Well, not exactly natatorium law. But the indoor swimming pool at the Sherman Lake YMCA completed in 1999 now has four published contractual indemnity appellate opinions to its credit and threatens to become a legal subspecialty.
In 2009, the Court of Appeals held the lawsuit was time-barred based on application of the statute of repose that applies to architects, engineers and contractors. Don’t linger too long on that because later the Supreme Court reversed. It is the general six-year contract limitation period that applies to indemnity cases. The six years runs from when the claim first accrues.
The case went back to the Court of Appeals partly to figure out when the indemnity claim accrued. Focusing here only on indemnity, the Court of Appeals again decided in favor of Ahrens Construction, the potential stuckee under the contract. It ruled that there’d been no claim or demand made under the indemnity contract and, if there had been, Miller-Davis hadn’t presented sufficient proof to show that the natatorium moisture problem was caused by Ahrens’s failures. Wrong again.
On April 15, 2014, a unanimous Supreme Court held that the YMCA had indeed made a claim or demand on Miller-Davis. And its indemnity case was not barred by the 6-year statute of limitations (unlike Miller-Davis’s breach of contract case) because Ahrens’s failure to indemnify Miller-Davis was “distinct” from its breach of contract for failure to install the roof properly. That all makes sense.
But the Supreme Court does not tell us how to know when indemnity claims accrue. The Court says that breach of the indemnity agreement “necessarily occurred after Ahrens’s breach of the underlying promise to conform its work to the subcontract specifications.” True, but not a newsflash.
Miller-Davis offered three possible indemnity case accrual dates. All three dates are in 2003, long before Miller-Davis’s 2005 indemnity complaint was in danger of missing its six-year limitation period. Those three alternatives were February 2003 when Miller-Davis did a partial roof tear-off and discovered Aherns’s non-conforming work, August 2003 when Miller-Davis entered into an agreement with the YMCA to fix the roof, and December 2003 when an engineering firm certified that Miller-Davis had corrected Aherns’s defective work. The Supreme Court felt it didn’t have to decide which of these dates was the accrual date for the indemnity claim “because we agree the claim did not accrue before February 2003…”. But the significance of February 2003 in the indemnity scheme of things is not explained.

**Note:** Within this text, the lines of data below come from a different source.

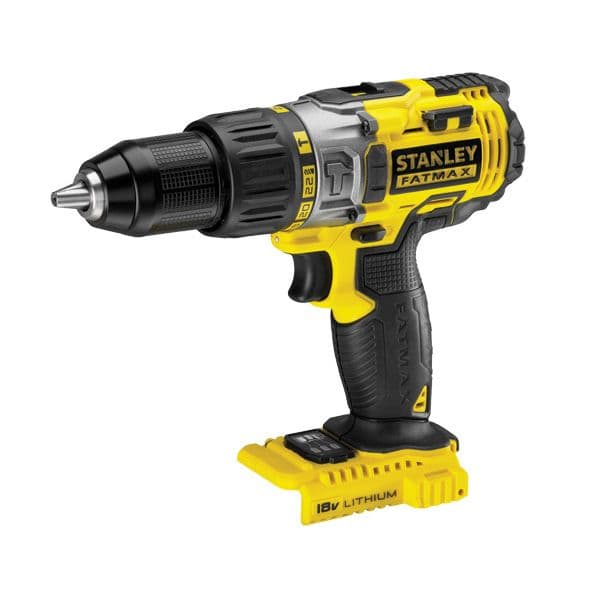 Stanley Aparafusadora18V Lítio ref.FMC625B-XJ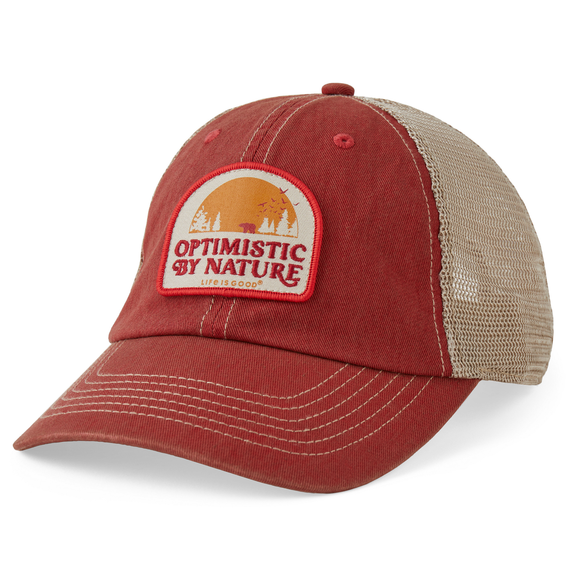 Old Favorite Mesh Optimistic by Nature Hat product image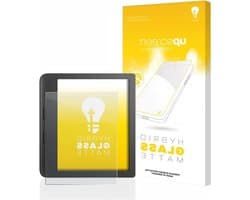 Schermbeschermer - Matte folie - E-reader beschermen - 9H hardheid - Dun en licht - Mat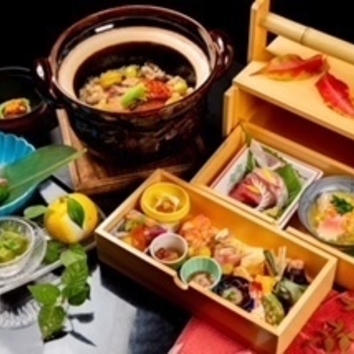 岡持弁当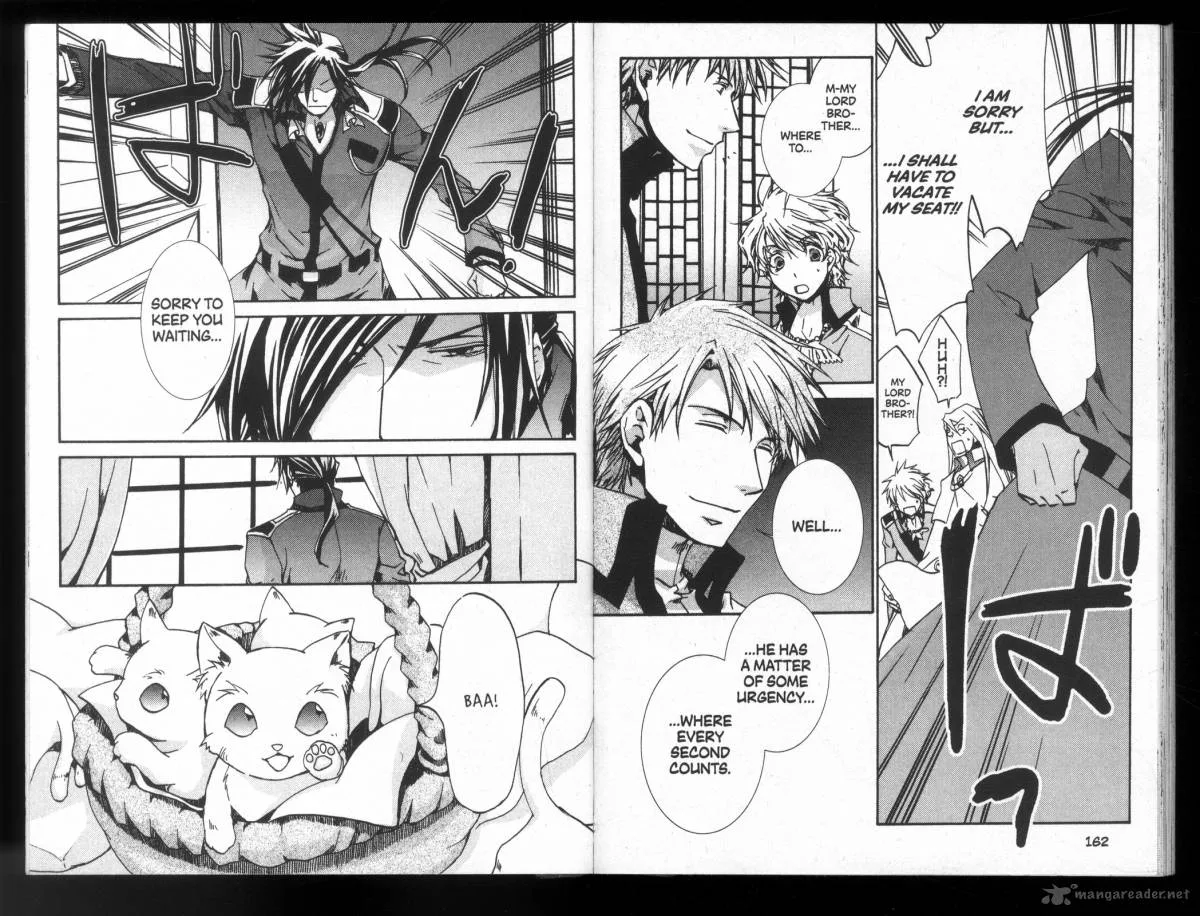 Kyou Kara Maou! Chapter 29 page 14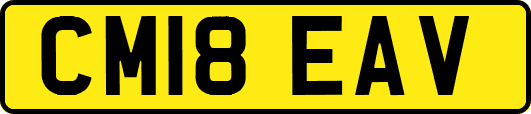 CM18EAV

Since discovery dates don’t set limitation periods in motion unless the statute says otherwise, the state of Miller-Davis’s knowledge of the claim would not seem to be the long pole in any accrual tent. This new opinion sheds more heat than light on the issue of when indemnity claims accrue, particularly given the Supreme Court’s lack of attention to the role of tender under the indemnity agreement.